La noticia nos llega desde The Guardian, donde leemos que el regulador italiano detalla que estas prácticas arrancaron en abril de 2023 y duraron hasta al menos abril de 2025. La conducta debilitó la competencia y redujo la calidad y variedad de los servicios turísticos disponibles para los consumidores, según la AGCM. Ryanair califica la decisión de "bizarra" y recurrirá de inmediato.
Una guerra de dos años contra las agencias

Michael O'Leary, CEO de Ryanair
Y tan bizarro es el arsenal que Ryanair desplegó para blindar su canal directo, como para ellos es la decisión de los reguladores. La aerolínea exigía reconocimiento facial a los pasajeros que compraban billetes a través de agencias, algo que jamás aplicaba a quienes reservaban en su web. También bloqueaba métodos de pago de intermediarios y cancelaba cuentas asociadas a agencias sin avisar y sin que nadie pudiera reclamar.
Además, impuso acuerdos restrictivos —"partnership agreements" o "Travel Agent Direct"— que limitaban la capacidad de las agencias para incluir sus vuelos en paquetes combinados. Dicho de otra manera: no podías encontrar ofertas que combinaran un vuelo de Ryanair con hotel al mejor precio global, algo habitual en apps de vuelos baratos y comparadores.
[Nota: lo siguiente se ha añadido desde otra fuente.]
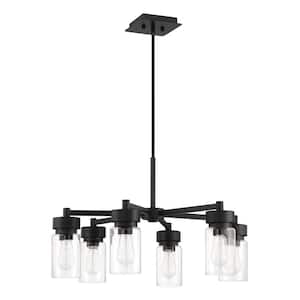 Bennet 6-Light Midnight Finish with Clear Glass Transitional Chandelier for Kitchen/Dining/Foyer No Bulb Included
La AGCM considera que estas actuaciones dificultaron las ventas de las agencias y su capacidad para atraer tráfico en internet. Según el regulador, la posición dominante de Ryanair no viene solo de su cuota de mercado en Italia —supera el 40% en algunas rutas—, sino de otros indicadores que le permiten actuar con independencia de competidores y consumidores.
En abril de 2025, la aerolínea introdujo un iFrame de marca blanca y una API para agencias online, lo que permite integrar su motor de reservas en otras webs sin redirigir al usuario. La AGCM lo interpreta como un paso hacia un entorno más neutral, pero durante dos años Ryanair había bloqueado sistemáticamente estas opciones.

Ryanair habría incurrido en prácticas abusivas para mantener su sistema de distribución directa
Ryanair defiende su modelo de distribución directa como beneficioso y cita una sentencia del Tribunal de Milán de enero de 2024 que respalda su postura. Sostiene que eliminar intermediarios baja las tarifas, aunque el regulador italiano considera que el coste real lo pagan los consumidores en forma de menos opciones y competencia reducida.
Este no es el primer choque entre Ryanair y la autoridad italiana. Ya había recibido multas menores e instrucciones de no bloquear agencias, pero nunca cambió su estrategia. La sanción actual —que afecta a Ryanair DAC y Ryanair Holdings PLC— es la más elevada de su historia y demuestra que el regulador ya está harto.
El caso plantea un debate que va más allá de Ryanair: ¿hasta qué punto un operador dominante puede controlar sus canales sin perjudicar al consumidor? La respuesta italiana es clara: no mediante trabas que eliminen la competencia. Herramientas como Google Flights con IA o apps como byAir solo funcionan si las aerolíneas permiten acceso razonable a su inventario.
La sanción supone un golpe durísimo, aunque Ryanair ya ha dejado claro que no pagará sin pelear. El mensaje es inequívoco: puedes vender directo, pero montar un muro técnico para obligar a la gente a comprar en tu web sale muy caro. La multa asciende a 255,8 millones de euros, una cifra récord en el sector aéreo italiano y equivalente a aproximadamente 300 millones de dólares o 224 millones de libras según los tipos de cambio actuales.